BMT & Cellular Immunotherapy Nurse Coordinator Huntsman Cancer Institute SANDY, Utah, United States
Introduction: Multiple myeloma (MM) commonly affects older adults, with a median diagnosis age of 69. Younger adults with MM (YA MM) face a shortened life expectancy along with significant impacts on career, fertility, and quality of life.Understanding and tailoring supportive care for this group is crucial to improving outcomes.Our insitute analyzed data from YA MM patients to identify areas for improvement.
Methods: Patient data was exported from the EHR and included patients under 50 diagnosed with MM or plasma cell leukemia.Patients diagnosed with amyloid,MGUS, or SMM were excluded.The presence of t(4;14), t(14;16), t(14;20), del(17p), p53 mutation, 1p deletion, or 1q21 defined high-risk cytogenetic disease. Data regarding referral to supportive care services were analyzed. Specifically, social work notes were reviewed for mentions of distress, financial toxicity, transportation needs, or survivorship support.
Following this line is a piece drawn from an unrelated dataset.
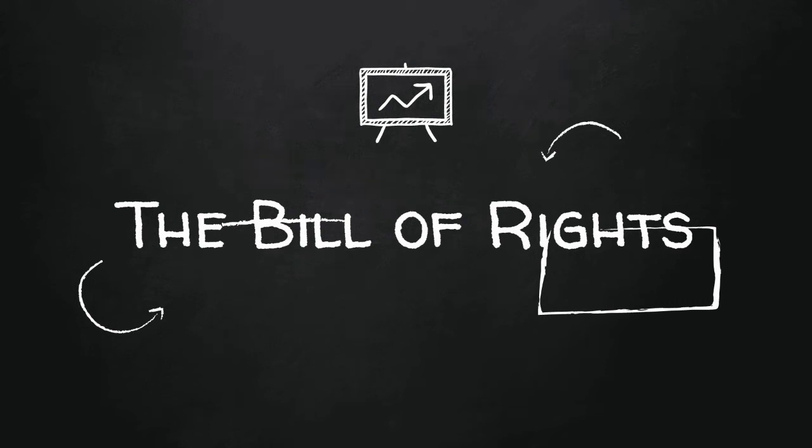All right, today we went over the Bill of Rights. We finished up the Bill of Rights slides. Happy Thursday, today is January 20th, last day of first semester.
Results: We identified 155 YA MM patients, of which 37% were female. The majority (72%) were aged 41-49 years, with very few (2%) < 30 years. Most patients (59%) had standard-risk disease, 19% had high risk, and the rest were undefined. Nearly half (42%) sought social security disability. Referrals included: reproductive counseling (15%), fertility preservation (9%), pain specialists (23%), wellness center (17%), physical therapy (28%), nutrition counseling (5%), financial counseling (8%), sleep medicine (8%) and psychiatric care (2%). Social work referrals included counseling on Advance Directives (3%), depression, anxiety, or distress (7%), and transportation assistance (19%).
Conclusions: YA MM patients in our cohort are predominantly male and fall within the age range of 41-49 years, with a significant proportion having standard-risk disease. This aligns with existing literature on YA MM patients.Many patients sought disability services, underscoring the disease's severe impact on the daily functioning and financial stability in this population.In general, referrals for reproductive counseling, physical therapy, nutrition support, pain management, and psychiatric care were low. Areas of improvement for comprehensive care for the YA MM population include proactively assessing risks for impaired fertility, promoting the completion of medical power of attorney and living wills, and increasing awareness and referrals for psychiatric care and counseling services early on in the MM disease course, to more robustly address the psychological impacts of the disease. In addition, implementing referrals to AYA-specific support groups align with the NCCN AYA guidelines.This retrospective review may lead to missing information, potential selection bias, and possible data entry errors, which are limitations. YA MM patients encounter unique challenges that necessitate a multidisciplinary approach to care. Enhancing early awareness and timely referrals to appropriate support services can significantly improve this vulnerable cohort’s quality of life and overall well-being.